Rising equity markets can have a strange impact on investors. They become overconfident as far as their investment abilities are concerned. As a result, they often end up getting invested in avenues that they should avoid and end up taking on more risk than they should. Another impact of rising markets is that investors develop a myopic vision. For example at present, most investors refuse to touch a non-equity product even with a barge pole.
Let’s travel back in time to the year 2003 when monthly income plans (MIPs) were the season’s flavour. While the reasons for the popularity enjoyed by MIPs then are debatable, their utility isn’t, especially in a scenario like the present one. For a moderate risk-taking investor who is willing to take on marginally higher risk, MIPs offer the opportunity to clock higher returns vis-à-vis debt fund investments. Conversely, for a high risk-taking investor, MIPs offer the opportunity to incorporate a degree of stability in an equity portfolio. Sadly, a product that can value to the portfolio has been pushed to the sidelines.
This brings us to a more serious topic. By investing only in equity-oriented products, many investors have landed up with lop-sided portfolios. As a result, their asset allocation has been compromised with. And over longer time frames, it is asset allocation which can help investors not just safeguard their portfolios on the downside, but also create wealth.
By diversifying across assets, investors give their portfolios the flexibility to counter market uncertainties. Sadly, it is rather difficult to appreciate the importance of asset allocation in times like now, when equity markets have surged northwards almost consistently. In fact, asset allocation might be seen as a hindrance, since being fully invested in equities seems like a surefire method to clock impressive growth. However, it takes adversity (in this case, a sharp fall in equity markets) to fully appreciate the benefit of holding a portfolio populated by several assets.

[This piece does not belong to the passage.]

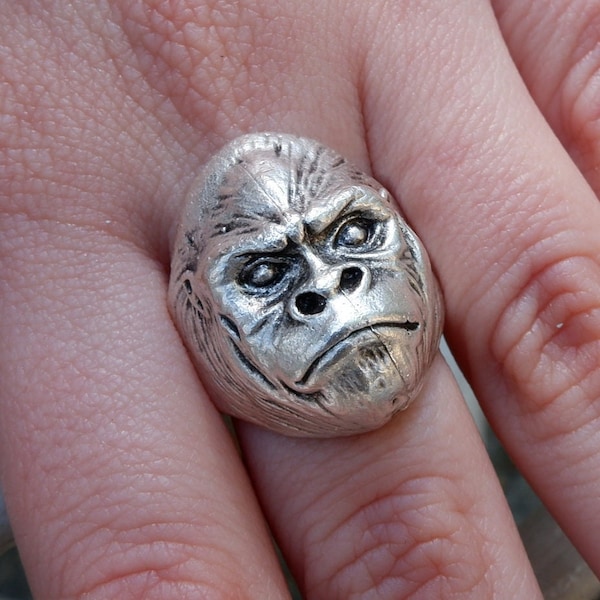 GORILLA RING - Monkey Ring • Unique • Statement Ring • Chunky Ring • Engraved • Face Ring • Unisex • King Kong • Adjustable • QD134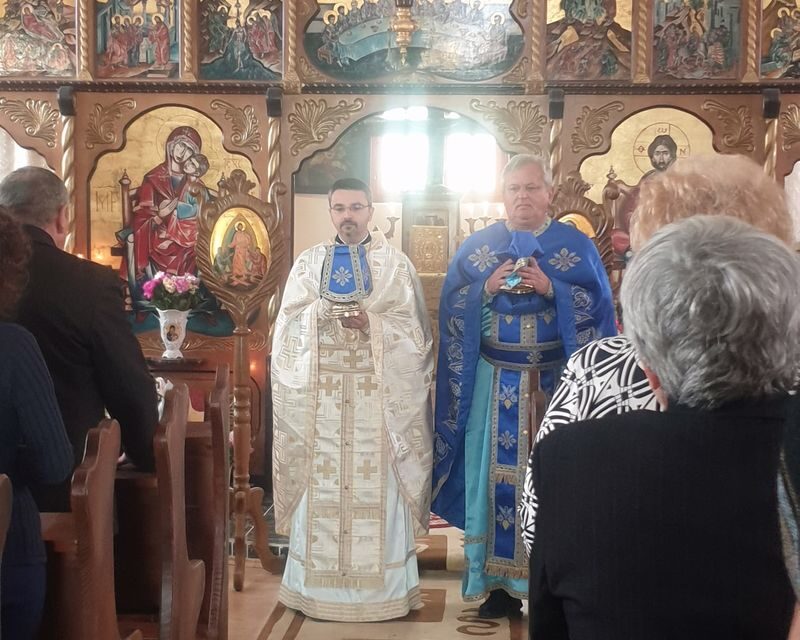 Părintele Vicar cu preoții prezent în Parohia Șuncuiș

My advice to investors – don’t get caught on the wrong foot by being invested in only one asset class (read equities) and ignoring asset allocation. Hold a portfolio comprised of various assets like fixed income instruments, real estate and gold, alongside equities. Obviously the allocation to each asset will depend on your risk profile and investment objectives. This is where a competent investment advisor will have an important role to play.